In Paramount Drilling and Blasting Ltd. v. North Pacific Roadbuilders Ltd. and others 2004 BCSC 622, the lien claimant had started an action to enforce its claim of lien. The general contractor applied for an Order to pay money into Court as security for the land, as permitted by s. 24 of the Act. That application was granted, the funds were paid into Court, and the claim of lien was removed from title. The owners then brought this application to substitute themselves with the general contractor as the defendant in the action, such that the action against the owners would be effectively dismissed.
In bringing their application, the owners relied on an earlier decision where the B.C. Supreme Court did order that the action be dismissed against the owner in similar circumstances: Blueline Stucco Ltd. v. Discovery Reach Developments Ltd.,  B.C.J. No. 1883 (QL) (S.C.). The Court in Paramount Drilling considered the Blueline decision, but also considered some cases decided under the earlier version of the Act. The Court in Paramount Drilling did not follow the Blueline case, but instead followed the earlier cases decided when the former version of the Act was in force. The Court in Paramount Drilling found that the Act did not allow the action to be discontinued against the owners because the claim of lien remained a claim against the land, even though the funds paid into Court were a substitute for the land. Since there remained a claim against the land, the owners remained proper parties to the action.
The Court suggested that the owners might be entitled to a stay of proceedings as against them, until the action between the general contractor and the lien claimant was determined. However, as this issue was not squarely before the Court, no final determination on this point was ever made.

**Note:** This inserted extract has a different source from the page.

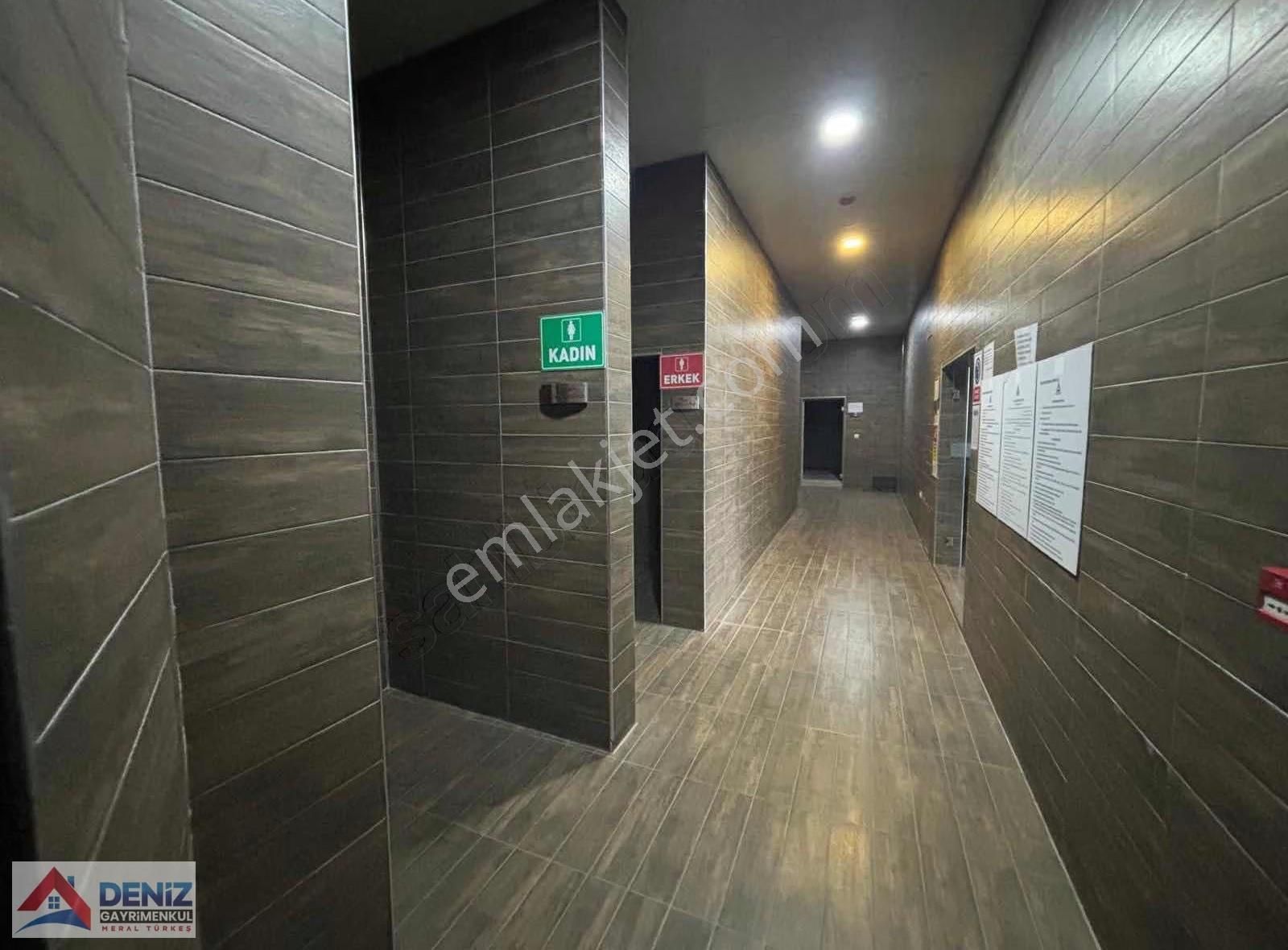 Osmangazi Panayır Alpiş Aden House Kiralık 2 + 1 Daire - Görsel 30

This case is significant because owners often require clear title and pay money into Court, or into trust, as security for that purpose. This case found that even when this is done, and the claim of lien is removed from title, the owner remains a proper party to the action brought by the lien claimant. By remaining a party to an action, the owner may incur further legal fees, and may also ultimately be held liable to the lien claimant for costs over and above the amount paid into Court as security. This is of particular concern when the other defendant (i.e. the general contractor) becomes insolvent, and the lien claimant looks to the owner for payment of all legal costs.
How can the owner protect itself in such circumstances? As noted above, the Court may grant a stay of proceedings against the owner, which temporarily allows the owner to cease participation in the action. An owner may consider posting (or have the general contractor post) more than the usual 10% or 15% as security for costs, particularly if the amount of the claim of lien is modest. An owner may also consider an indemnity agreement with the party it has contracted with (i.e. the general contractor).
Note that leave to appeal of the Paramount Drilling decision has now been granted, which means that the Court of Appeal will decide whether or not the decision in that case should be overturned.